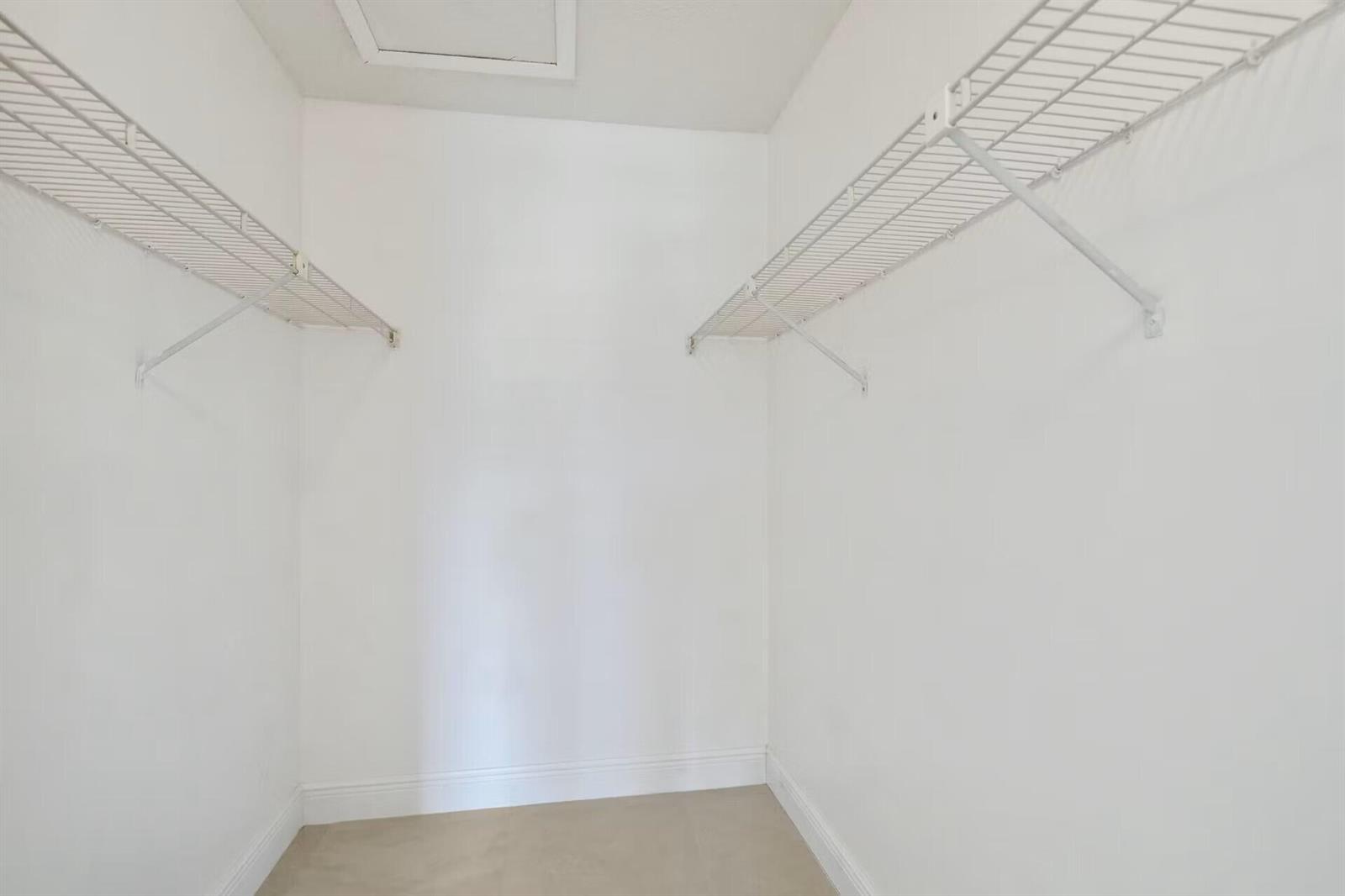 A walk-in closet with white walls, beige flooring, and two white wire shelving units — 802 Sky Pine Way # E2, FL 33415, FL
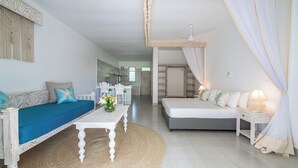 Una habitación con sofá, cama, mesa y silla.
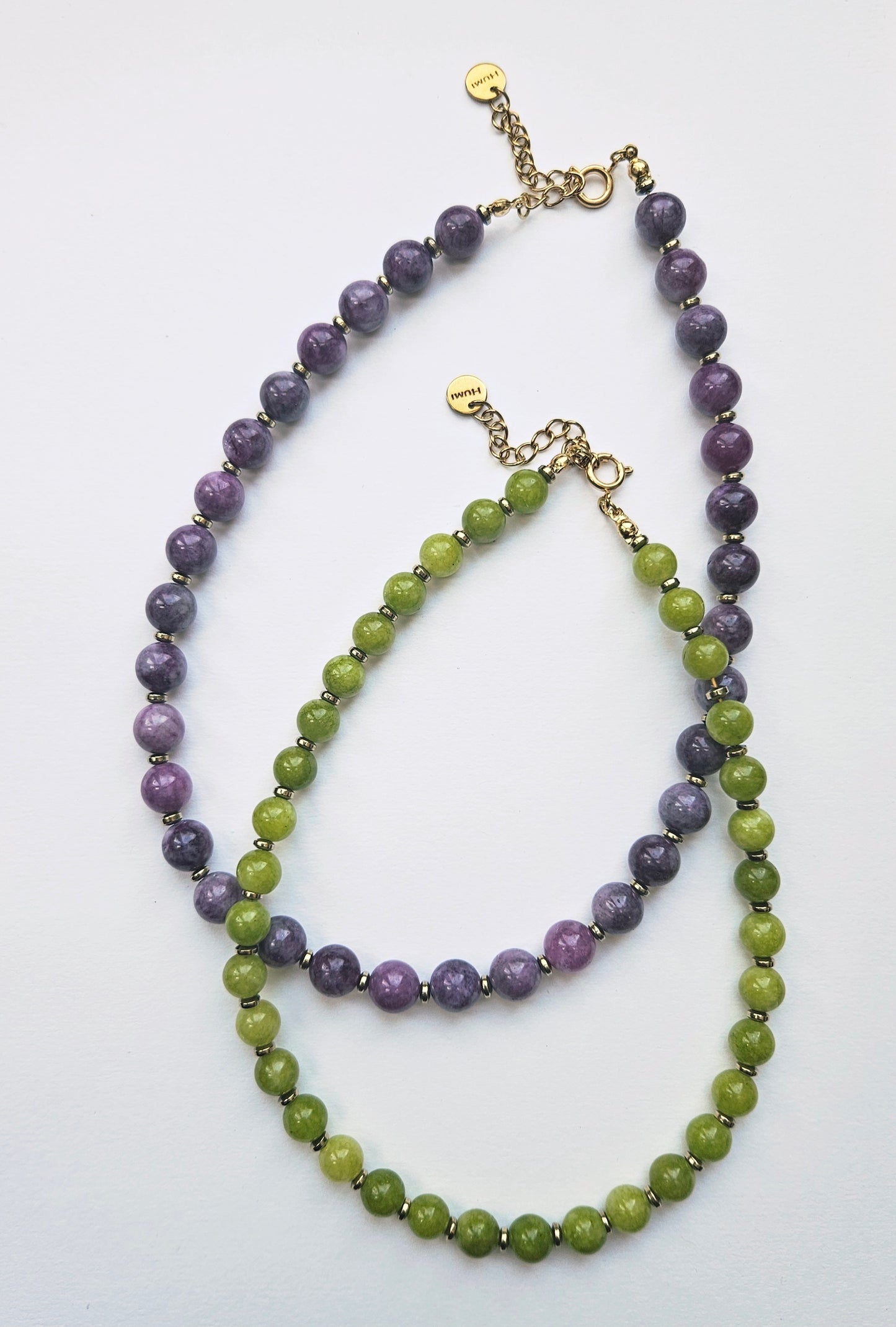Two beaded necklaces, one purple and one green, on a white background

┄┄┄┄┄┄┄┄┄┄

#### Instructions to follow
Could you set down the data exactly as given, minus its pictures?

#### Expected answer
 A walk-in closet with white walls, beige flooring, and two white wire shelving units — 802 Sky Pine Way # E2, FL 33415, FL
 Una habitación con sofá, cama, mesa y silla.
Two beaded necklaces, one purple and one green, on a white background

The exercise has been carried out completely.